Project: Research project

Project Details

Description

The multi-step process of colon carcinogenesis as observed in other organs
like the skin and liver is operationally defined into stages of initiation,
promotion, and progression. Calcium has been shown in an increasing number
of studies in rodent and n to be an active chemoprevention agent. Where
animal calcium chemoprevention models depart significantly from that in man
is within the conceptual framework of carcinogenesis. In man subjects with
resected colonic adenoma, a defined premalignant lesion, or, familial risk
of colon cancer, consume supplemental calcium and effects are observed on
the recurrence of the adenoma/adenocarcinoma and/or intermediate biomarkers
of mucosal proliferation. Since a premalignancy was established, human
interventions occur in the "progression" phase of carcinogenesis. This
application addresses the need for a relevant animal model for colon cancer
progression for purposes of comparing the effect of calcium in this phase
versus initiation and promotion.
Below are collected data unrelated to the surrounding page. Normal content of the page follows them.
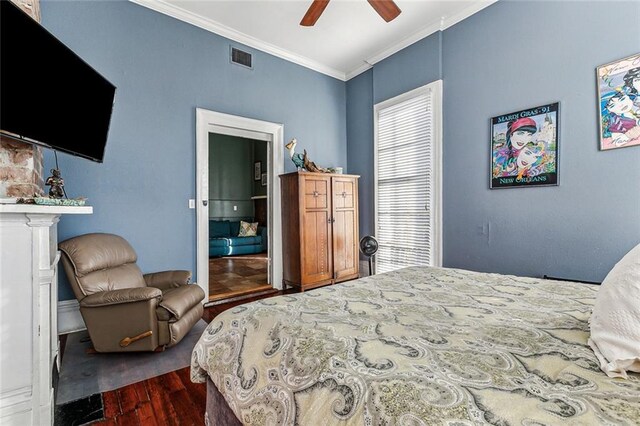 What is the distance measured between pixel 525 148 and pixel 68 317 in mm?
4625

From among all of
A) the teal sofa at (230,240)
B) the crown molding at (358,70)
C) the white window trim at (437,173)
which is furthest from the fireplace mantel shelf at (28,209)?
the teal sofa at (230,240)

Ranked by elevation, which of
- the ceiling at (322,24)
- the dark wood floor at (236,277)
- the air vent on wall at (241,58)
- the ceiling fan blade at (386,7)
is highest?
the ceiling at (322,24)

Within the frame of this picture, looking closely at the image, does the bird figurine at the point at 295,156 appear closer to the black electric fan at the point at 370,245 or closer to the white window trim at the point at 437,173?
the black electric fan at the point at 370,245

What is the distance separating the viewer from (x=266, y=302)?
4.33 ft

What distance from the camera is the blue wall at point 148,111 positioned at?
2762 millimetres

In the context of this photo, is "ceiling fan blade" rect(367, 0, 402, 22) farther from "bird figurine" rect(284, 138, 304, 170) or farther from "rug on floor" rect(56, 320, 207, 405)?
"rug on floor" rect(56, 320, 207, 405)

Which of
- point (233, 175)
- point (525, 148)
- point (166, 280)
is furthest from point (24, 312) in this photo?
point (233, 175)

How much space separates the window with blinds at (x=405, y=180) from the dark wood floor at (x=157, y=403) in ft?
9.34

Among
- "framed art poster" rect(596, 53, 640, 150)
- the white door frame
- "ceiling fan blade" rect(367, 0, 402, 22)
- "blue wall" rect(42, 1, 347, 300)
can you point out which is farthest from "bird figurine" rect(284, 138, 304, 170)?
"framed art poster" rect(596, 53, 640, 150)

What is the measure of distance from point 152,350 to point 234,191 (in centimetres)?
556

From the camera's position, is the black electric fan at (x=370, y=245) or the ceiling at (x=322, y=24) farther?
the black electric fan at (x=370, y=245)

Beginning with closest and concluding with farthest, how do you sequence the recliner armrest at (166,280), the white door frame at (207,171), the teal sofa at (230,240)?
1. the recliner armrest at (166,280)
2. the white door frame at (207,171)
3. the teal sofa at (230,240)

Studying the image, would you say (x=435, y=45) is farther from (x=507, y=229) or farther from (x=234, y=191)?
(x=234, y=191)

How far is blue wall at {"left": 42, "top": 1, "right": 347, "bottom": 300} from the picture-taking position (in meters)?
2.76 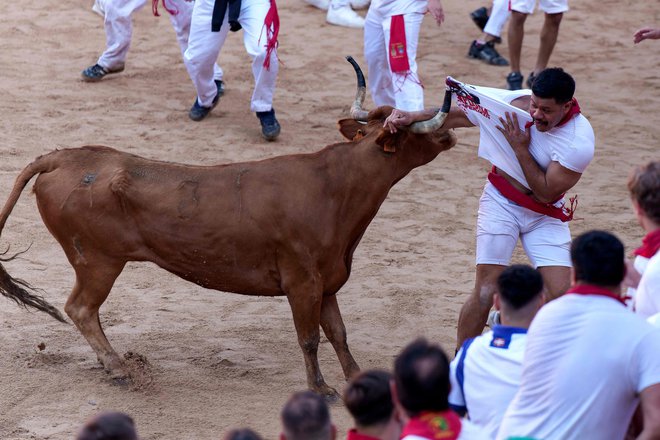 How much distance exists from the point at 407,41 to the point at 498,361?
6.81m

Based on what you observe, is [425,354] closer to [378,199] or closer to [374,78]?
[378,199]

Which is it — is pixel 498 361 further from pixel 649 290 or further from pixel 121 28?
pixel 121 28

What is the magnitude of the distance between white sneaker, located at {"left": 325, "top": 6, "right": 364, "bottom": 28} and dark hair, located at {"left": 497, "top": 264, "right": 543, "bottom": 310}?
11.1 meters

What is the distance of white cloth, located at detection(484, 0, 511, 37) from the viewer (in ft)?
46.9

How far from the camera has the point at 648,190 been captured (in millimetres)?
4449

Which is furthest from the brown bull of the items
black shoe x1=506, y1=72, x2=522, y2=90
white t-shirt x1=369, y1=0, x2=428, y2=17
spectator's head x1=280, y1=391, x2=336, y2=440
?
black shoe x1=506, y1=72, x2=522, y2=90

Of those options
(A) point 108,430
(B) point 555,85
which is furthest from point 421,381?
(B) point 555,85

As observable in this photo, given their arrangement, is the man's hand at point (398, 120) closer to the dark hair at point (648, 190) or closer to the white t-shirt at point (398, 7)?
the dark hair at point (648, 190)

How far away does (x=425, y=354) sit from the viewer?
12.4 ft

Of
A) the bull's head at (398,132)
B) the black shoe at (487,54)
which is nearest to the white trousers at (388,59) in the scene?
the black shoe at (487,54)

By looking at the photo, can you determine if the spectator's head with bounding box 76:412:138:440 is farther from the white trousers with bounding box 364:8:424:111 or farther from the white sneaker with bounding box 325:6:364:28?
the white sneaker with bounding box 325:6:364:28

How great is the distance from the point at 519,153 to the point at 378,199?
97 centimetres

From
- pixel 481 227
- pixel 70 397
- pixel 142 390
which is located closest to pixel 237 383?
pixel 142 390

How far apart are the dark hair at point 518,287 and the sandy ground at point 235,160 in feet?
7.54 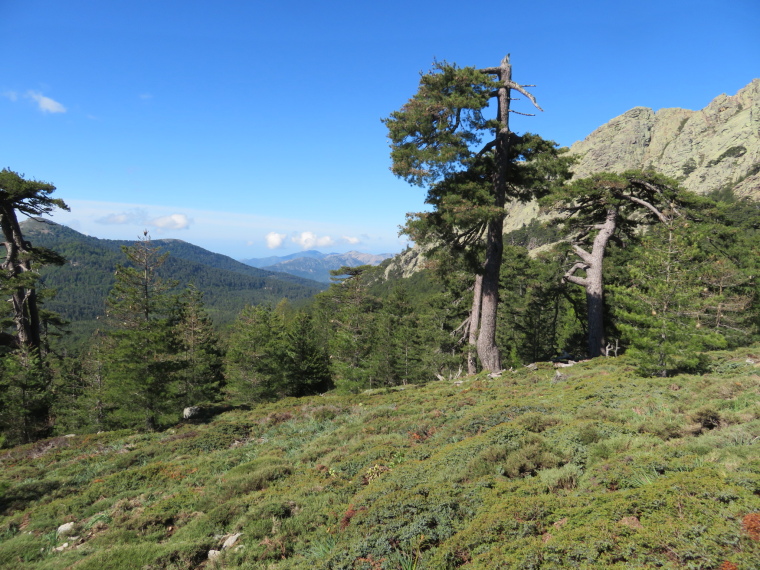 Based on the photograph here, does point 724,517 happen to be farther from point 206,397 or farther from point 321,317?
point 321,317

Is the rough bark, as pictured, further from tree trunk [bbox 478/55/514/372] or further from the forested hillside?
tree trunk [bbox 478/55/514/372]

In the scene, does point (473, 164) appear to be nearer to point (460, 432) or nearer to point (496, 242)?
point (496, 242)

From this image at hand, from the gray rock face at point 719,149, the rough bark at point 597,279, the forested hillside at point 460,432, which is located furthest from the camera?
the gray rock face at point 719,149

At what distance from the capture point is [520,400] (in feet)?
34.3

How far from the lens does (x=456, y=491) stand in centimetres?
514

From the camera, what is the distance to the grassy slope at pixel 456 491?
11.0 feet

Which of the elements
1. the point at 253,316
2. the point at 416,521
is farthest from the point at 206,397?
the point at 416,521

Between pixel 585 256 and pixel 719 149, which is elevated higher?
pixel 719 149

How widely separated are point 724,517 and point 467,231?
41.4 ft

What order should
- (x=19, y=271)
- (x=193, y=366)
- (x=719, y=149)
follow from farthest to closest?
(x=719, y=149) < (x=193, y=366) < (x=19, y=271)

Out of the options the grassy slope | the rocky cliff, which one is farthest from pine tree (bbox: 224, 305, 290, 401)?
the rocky cliff

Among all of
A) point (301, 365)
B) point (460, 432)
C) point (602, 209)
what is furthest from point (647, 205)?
point (301, 365)

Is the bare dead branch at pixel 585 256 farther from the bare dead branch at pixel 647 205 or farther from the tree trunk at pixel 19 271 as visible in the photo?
the tree trunk at pixel 19 271

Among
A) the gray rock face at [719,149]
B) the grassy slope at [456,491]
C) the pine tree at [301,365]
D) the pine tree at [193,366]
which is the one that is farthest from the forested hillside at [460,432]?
the gray rock face at [719,149] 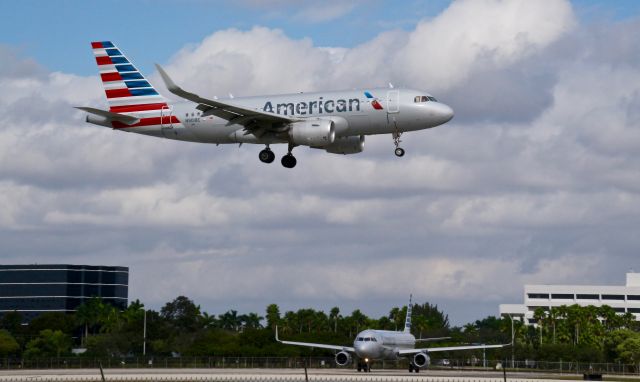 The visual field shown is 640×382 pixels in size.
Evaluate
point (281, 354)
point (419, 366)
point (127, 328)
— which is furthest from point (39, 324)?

Using a short induction period with the
colon carcinogen, azoxymethane, F344 rats will be fed a standard AIN-76A
diet plus 0.5% cholic acid, a regimen markedly increases the propensity of
adenoma in the rat colon. A model for adenoma induction will be established
and the progression phase defined. During the experiment intermediate
markers of colonic proliferation, including tritiated thymidine uptake,
bromodeoxyuridine immunoperoxidase labeling, ornithine decarboxylase
activity and protein kinase C activity, will be measured and correlated
with tumor progression. In the second part of the project using the defined
progression model, calcium supplementation (using an effective dose
established by short modulation of intermediate biomarkers) will be tested
for a suppressing effect separately in each of the operational phases of
colon carcinogenesis along with observations on intermediate biomarker
response to calcium. The proposed model will immeasurably add to the
biological recognition of the three phases of multi-step colon
carcinogenesis; the reproducibility of the model will allow for future
characterization of the cardinal biochemical, cellular, and molecular
hallmarks of each stage in a more precisely defined animal model for colon
cancer.
StatusFinished
Effective start/end date1/1/9112/31/94

Funding

  • National Institutes of Health
  • National Institutes of Health
  • National Institutes of Health

ASJC

  • Medicine(all)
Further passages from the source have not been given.